Annual festival salutes du Pont mills' Irish workers


April 21, 1991|By Dorothy Fleetwood

The 12th annual Irish Workers' Festival will take place on Saturday at the Hagley Museum and Library in Wilmington. The event celebrates the contributions Irish workers made to the du Pont powder mills in the 19th century. The mills, along with the original du Pont estate and gardens, are situated on Hagley grounds.

One of the museum's popular events, the festival features a full schedule of entertainment. Most of the activities will take place on Blacksmith Hill, the restored mill workers' community, where you can hear a Celtic trio, an Irish folk musician and a singer of Irish ballads. Other performers include Irish stepdancers and the Delmar Pipe Band. For children there will be games, jugglers, clowns and puppet shows. Irish imports will be for sale, as well as traditional Irish ham and cabbage and other foods.

Visitors can tour the du Pont family home, Eleutherian Mills, its French garden and the first office of the Du Pont Company, where there will be a display of antique cars.

Admission is $8 for adults, $3 for ages 14 and under and $22 for families. In the event of heavy rains, the festival will be canceled.

From the intersections of routes 100 and 141 follow the signs to Buck Road East and use the museum's Soda House entrance. For information, call (302) 658-2400 between 8:30 a.m. to 4:30 p.m. weekdays.


More house and garden tours are scheduled this week. Philadelphia Open House begins its 13th year on Friday and continues through May 13. It will take visitors into houses and gardens ranging from mansions and country estates to artists' lofts and urban town houses. All told there will be 35 individual tours in neighborhoods such as Society Hill, Germantown and Rittenhouse Square, into the famous suburbs of the Main Line and out to the surrounding countryside of Chester and Montgomery counties. Tourists will travel as far as Princeton, N.J., for a tour of the 18th century college town and the official residence of the governor of New Jersey. Another tour takes you to visit Independence Hall Tower, with a private tour of the room where the Declaration of Independence and the Constitution were written. There's also a Mother's Day cruise on the Delaware River on May 12 with a dockside reception at Penn's Landing.

Tours range in price from $12 to $45 with most in the $15 to $20 range. Some include fancy lunches, candlelight dinners, high teas and a box breakfast, while others simply offer light refreshment. The tours are coordinated by the Friends of Independence National Historical Park and reservations are required. Space is limited and many tours sell out quickly.

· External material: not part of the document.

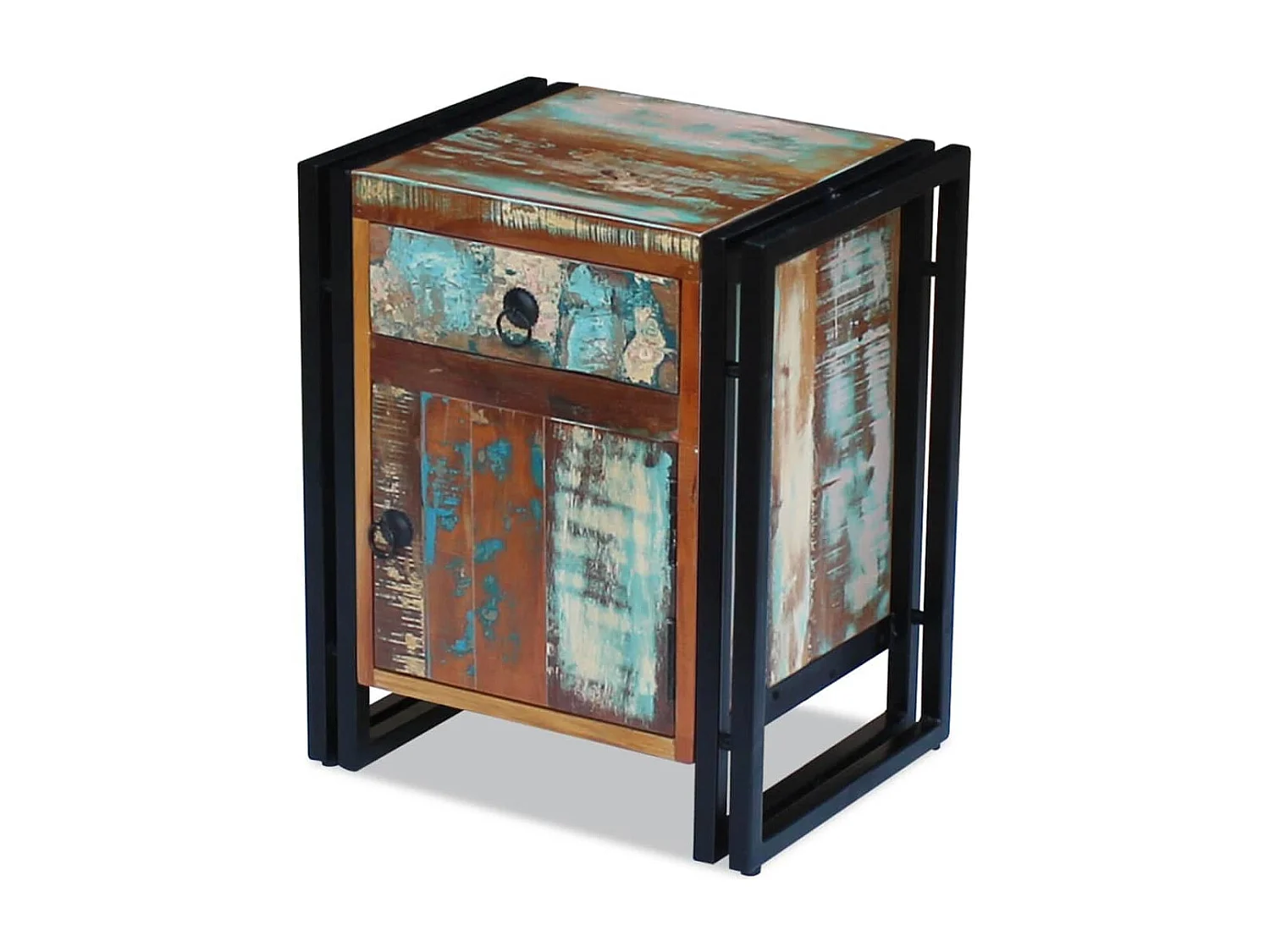 Table de chevet Bois de récupération massif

For a brochure or to reserve tickets write: Philadelphia Open House, 313 Walnut St., Philadelphia, Pa. 19106, or call (215) 928-1188.


Houses in historic Berkeley and Jefferson counties of West Virginia will be on view Saturday and next Sunday from 10 a.m. to 6 p.m. Sponsored by the Shenandoah-Potomac Garden Council, this 36th annual self-guided tour visits eight homes in areas around the towns of Harpers Ferry, Charles Town, Martinsburg and Shepardstown.

Most are historic homes of the 18th and 19th centuries, such as Harewood, built in 1770, home of George Washington's brother Samuel, and owned today by a Washington descendant. It was here that the marriage of James Madison and Dolley Payne Todd took place in 1794. Dolley's sister, Lucy Payne Washington, was then mistress of Harewood.

The 12th Virginia Cavalry, a Civil War re-enactment group, will encamp on grounds at the Gen. Adam Stephen House and the adjoining Triple Brick Museum. These two museums are listed on the National Register of Historic Places.

Valhalla is the only contemporary house on the tour. It was built atop Bolivar Heights with a panoramic view of Harpers Ferry and the surrounding areas of Maryland and Virginia, and was selected as "the best built home in 1990" by the West Virginia Builders Association.

Tickets cost $10 for the complete tour, $3 for individual houses. Proceeds will be used for landscaping projects at public and historic sites in the area.

For information or a brochure, call (304) 876-6273 or (304) 267-7161.


The annual spring festival will be held next Sunday from noon to 5 p.m. at the Historic Houses of Odessa, Del., four properties owned and operated by Winterthur Museum.

Open-hearth cooking, blacksmithing and quilting are some of the traditional 18th and 19th century crafts that will be demonstrated. A juggler and a country bluegrass band will provide entertainment. Other activities are walking tours of Odessa, tours of the four properties, lectures, an antique car display, carriage rides and refreshments.

Admission is $6 for adults; $5 for senior citizens, students and Winterthur Guild members; free for children under 12.